Dataset items
==============================
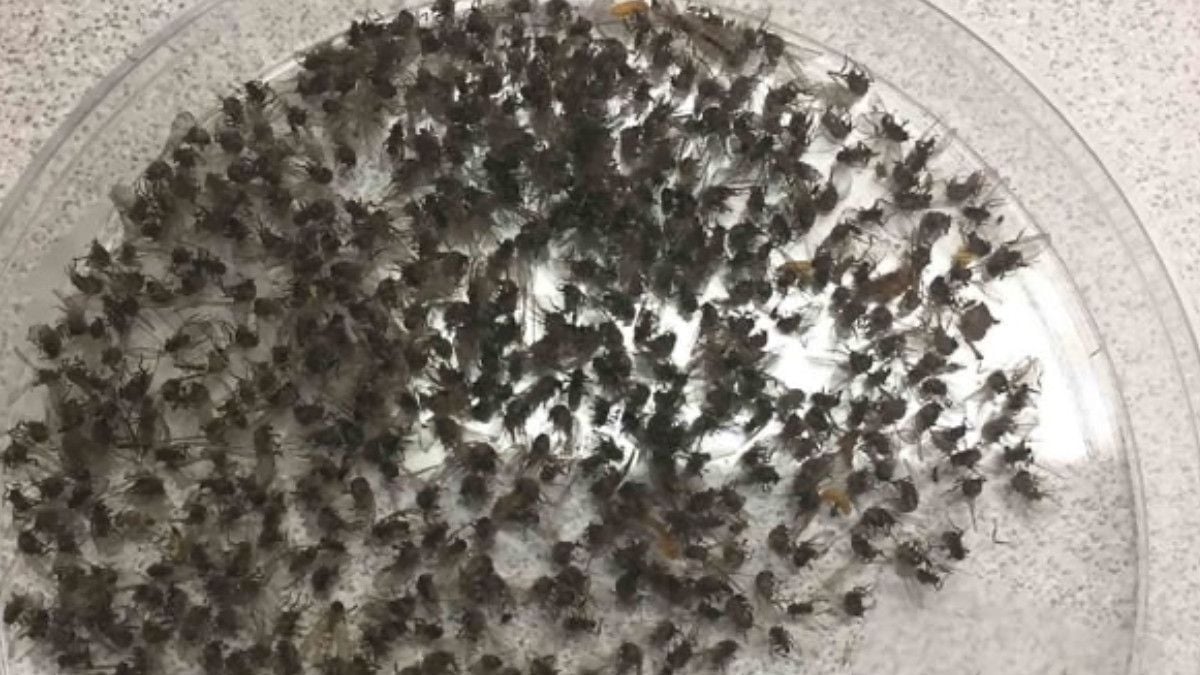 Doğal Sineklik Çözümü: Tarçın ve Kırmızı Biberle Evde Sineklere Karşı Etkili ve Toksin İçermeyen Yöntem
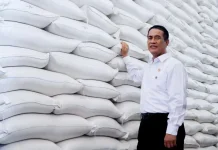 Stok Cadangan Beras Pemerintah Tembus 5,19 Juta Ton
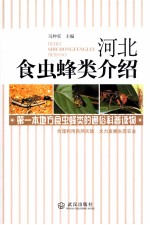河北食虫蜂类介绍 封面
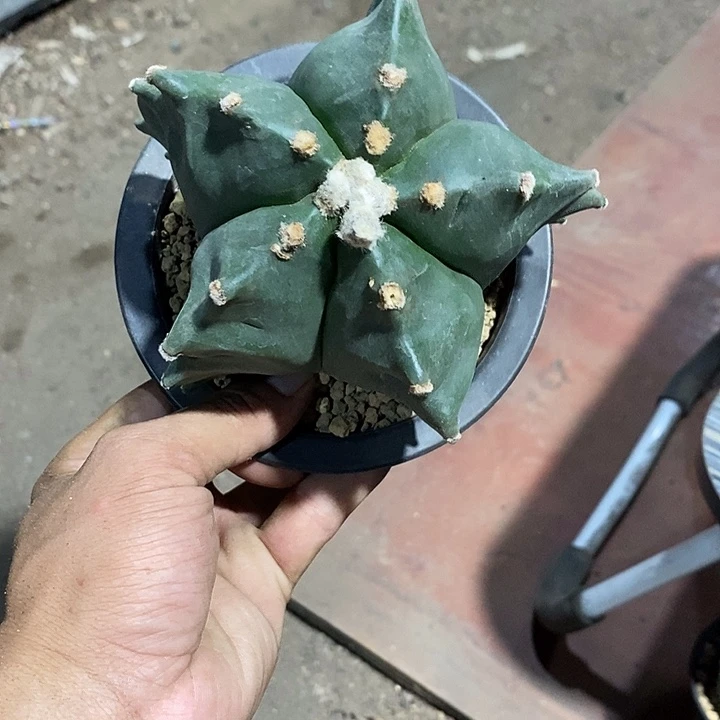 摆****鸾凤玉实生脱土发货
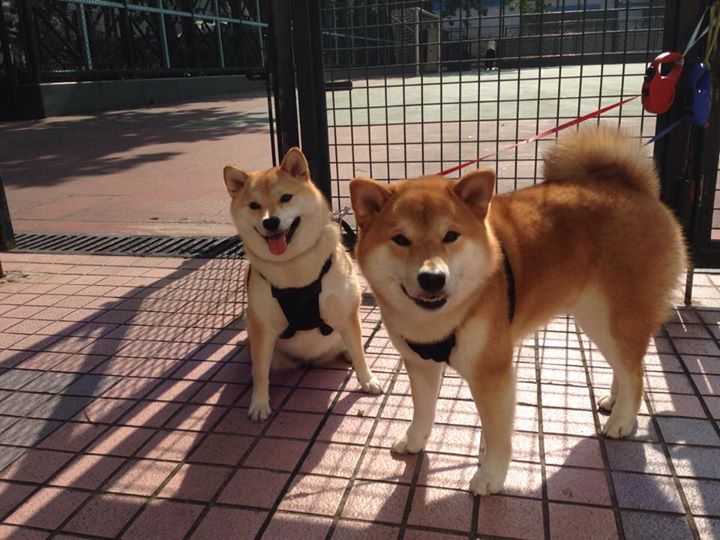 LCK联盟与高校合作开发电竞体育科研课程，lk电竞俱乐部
==============================
• What you should do
Should there be pictures in the data, leave them out and return the rest exactly.

• Exercise answer
 Doğal Sineklik Çözümü: Tarçın ve Kırmızı Biberle Evde Sineklere Karşı Etkili ve Toksin İçermeyen Yöntem
 Stok Cadangan Beras Pemerintah Tembus 5,19 Juta Ton
河北食虫蜂类介绍 封面
 摆****鸾凤玉实生脱土发货
 LCK联盟与高校合作开发电竞体育科研课程，lk电竞俱乐部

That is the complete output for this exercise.